___ DATA BELOW

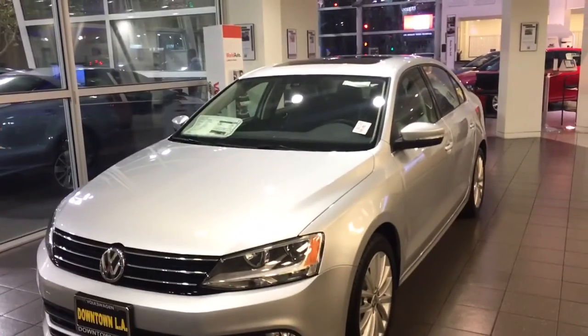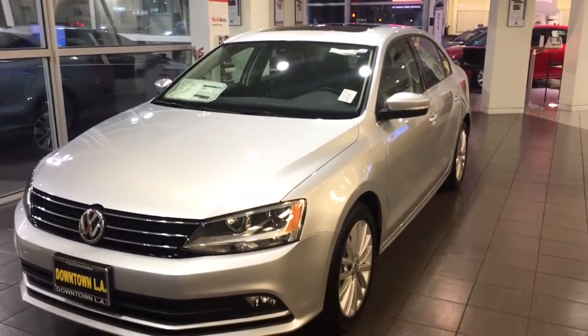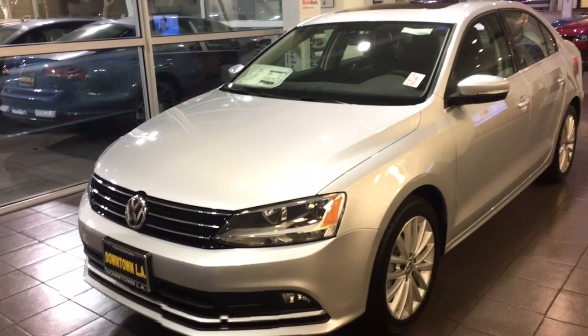Here it is, the Silver 2016 Jetta SEL at Volkswagen of Downtown Los Angeles. The SELs you can quickly recognize from their fog lights and the style of alloy wheels. It's a great car. It's going to have CarPlay app connect, so you can connect your apps on your phone to the car, but it also has navigation.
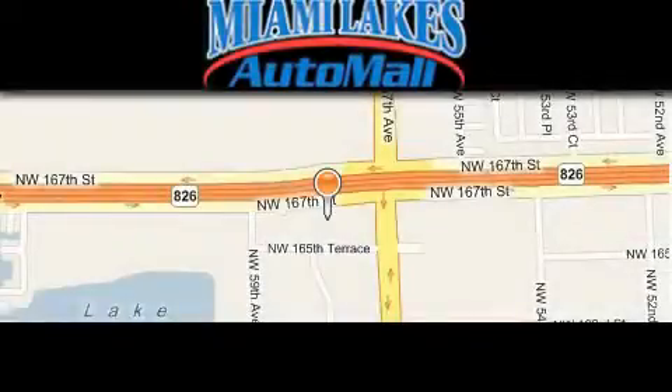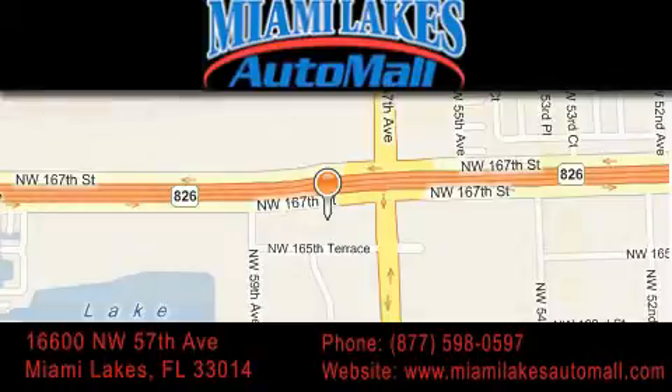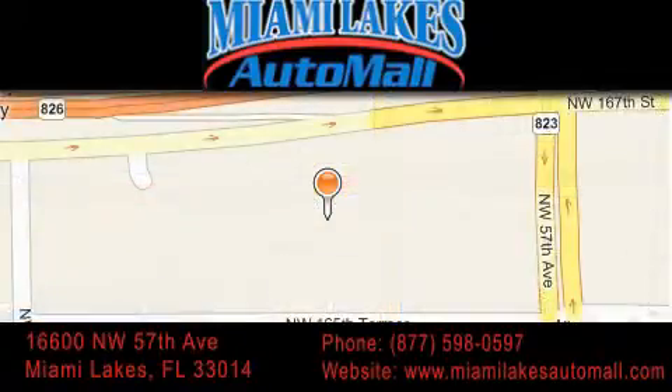Miami Lakes Auto Mall is located at 16600 Northwest 57th Avenue in Miami Lakes. Our goal is to exceed all of your expectations to ensure that you'll return for future visits.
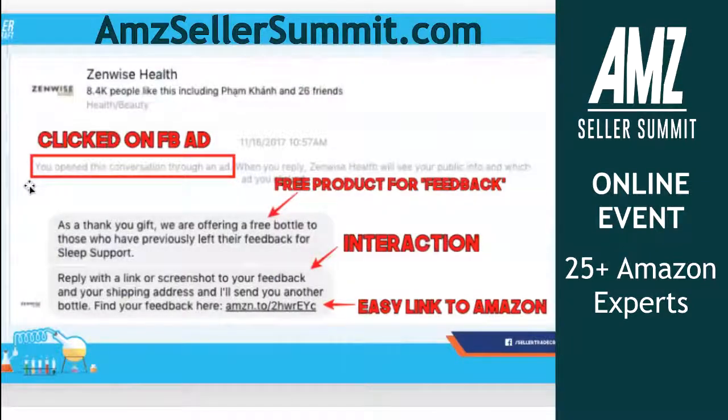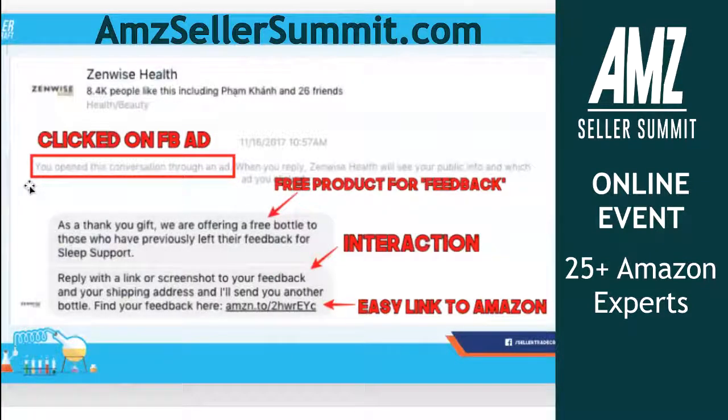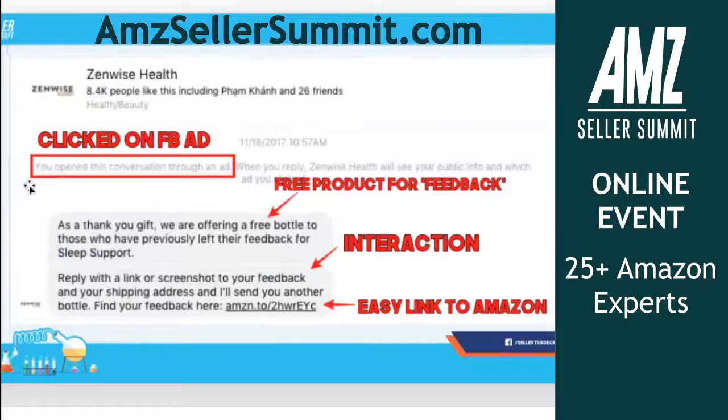Pro tip right here: if you guys want to follow and see what the top marketers in the Amazon space are doing, search for supplement brands. When it comes to supplement brands, it's very competitive, so the guys in the supplement space are more likely to be doing innovative or outside-the-box things.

______

» WORK INSTRUCTION:
Give again, word for word, only the lines from the line containing "Miami Lakes Auto" through the last line above, both included; leave the pictures out.

» EXERCISE RESULT:
Miami Lakes Auto Mall is located at 16600 Northwest 57th Avenue in Miami Lakes. Our goal is to exceed all of your expectations to ensure that you'll return for future visits.
Pro tip right here: if you guys want to follow and see what the top marketers in the Amazon space are doing, search for supplement brands. When it comes to supplement brands, it's very competitive, so the guys in the supplement space are more likely to be doing innovative or outside-the-box things.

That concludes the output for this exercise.